Es tan fuerte esta impronta que uno siente todo el peso del dolor que tiene que sobrellevar Walter, por el hecho de que todos somos Walter. ¿Quién no se dejaría tentar por resucitar al ser amado así se conviva con otra persona? No importa que el brujo que obtiene el poder del demonio le advierta lo imprudente que es despertar a los muertos, pobre ser de barro, no puede resistirse a ninguna tentación. Brunhilda vuelve a la vida, vomitada por su propia tumba. De lo único que se puede alimentar es de la hiel que escupe la luna llena y de la sangre de los vivos. Walter lo pierde todo por su concuspicencia. Al final, cuando Brunhilda se haya comido hasta sus hijos, cuando ya empiece a alimentarse de él mismo le pedirá ayuda al brujo y el mismo deberá apuñalar el corazón de su amada, ella abre los ojos y le dice que él también entrará a quemarse con ella en las fauces del infierno.
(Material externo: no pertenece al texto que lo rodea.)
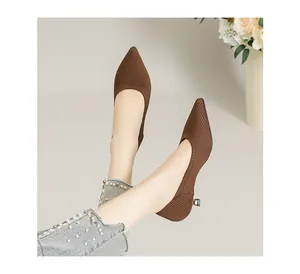 Seitenansicht brauner spitzer Fly-Knit-Stilettos, die im Studio an den Füßen getragen werden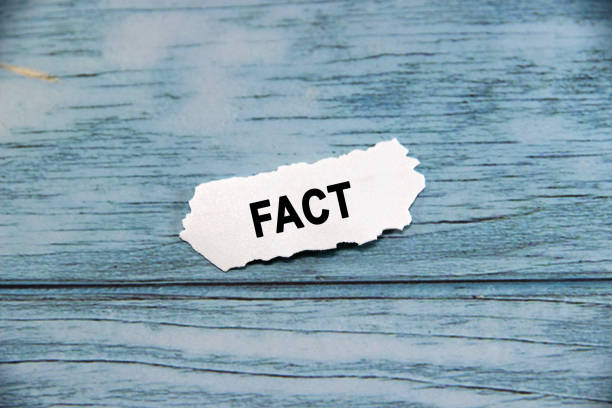 istock fact wording  or text on small piece of hard white plastic with blue background.Copy space and business concept. 2163015286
Después vendrá el terror, el pánico, si quiere que Brunhilda no vuelva a la vida tendrá que dejar de pensar en ella, “¡Cuando pienses en ella grítale ‘Maldita seas’!” sobra decir que Walter, abandonado por todos sus conocidos por haber convivido con un ser de las tinieblas, no hacía otra cosa que pensar en ella.
Es realmente notable que un cuento escrito hace 210 años nos siga no sólo dando pavor sino que Tieck logra hacernos identificar con el protagonista. Por eso es que No despertéis a los muertos es una experiencia tan espeluznante porque no lo sientes como un relato sino como un maldito deja vú.